──────── Extracted information ────────

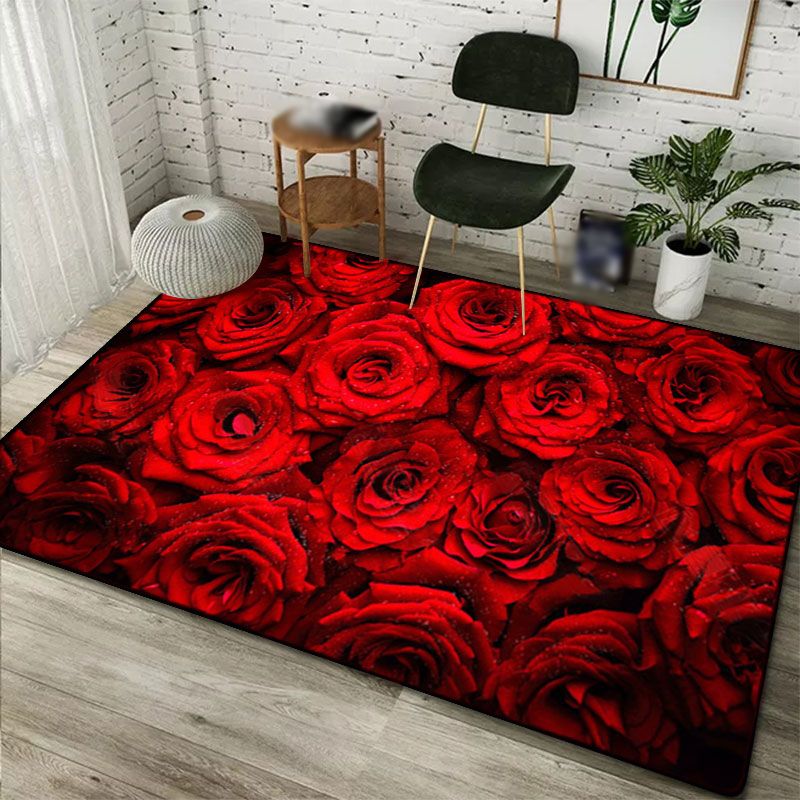 Fancy Red Modern Rug Polyester Floral Print Area Rug Non-Slip Backing Rug for Home Decor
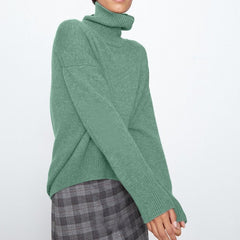 Cashmere Turtleneck Sweater Women Elegant Thick Warm Pullover Cozy Winter Fashion Top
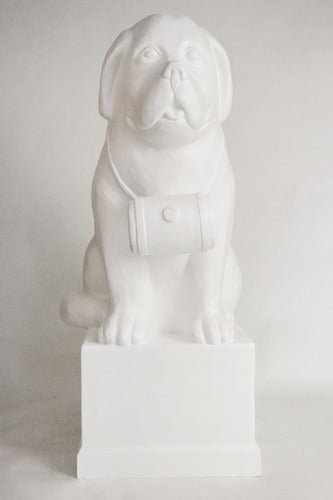 Lifesize ST. BERNARD WITH BARREL 41"H Outdoor/Indoor Statue - Bella Statues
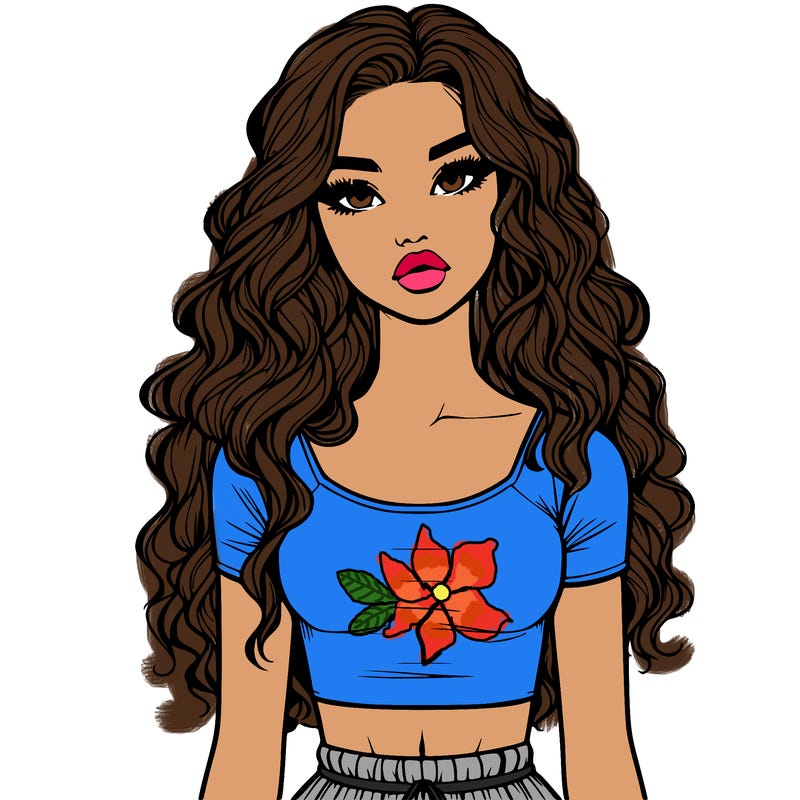 realistic girl with wavy hair and lips and crop top and skirt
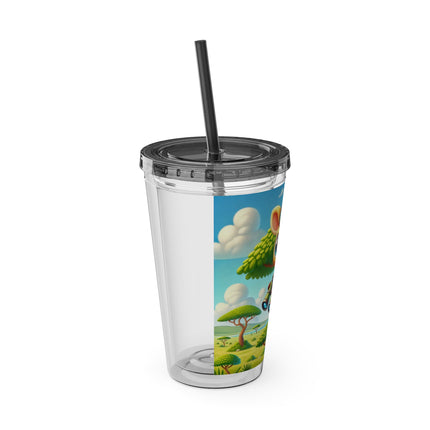 Giraffe Lookout Sunsplash Tumbler with Straw, 16oz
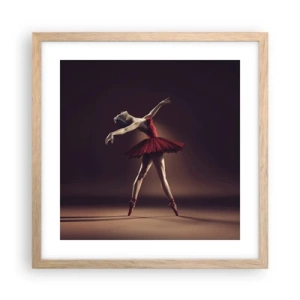 Een poster in een licht eiken lijst - Een prima ballerina - 40x40 cm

────────

## Requirement:
Pictures are to be dropped; every line of the records is to be returned unchanged.

## Solution to this problem:
 Fancy Red Modern Rug Polyester Floral Print Area Rug Non-Slip Backing Rug for Home Decor
 Cashmere Turtleneck Sweater Women Elegant Thick Warm Pullover Cozy Winter Fashion Top
 Lifesize ST. BERNARD WITH BARREL 41"H Outdoor/Indoor Statue - Bella Statues
 realistic girl with wavy hair and lips and crop top and skirt
 Giraffe Lookout Sunsplash Tumbler with Straw, 16oz
 Een poster in een licht eiken lijst - Een prima ballerina - 40x40 cm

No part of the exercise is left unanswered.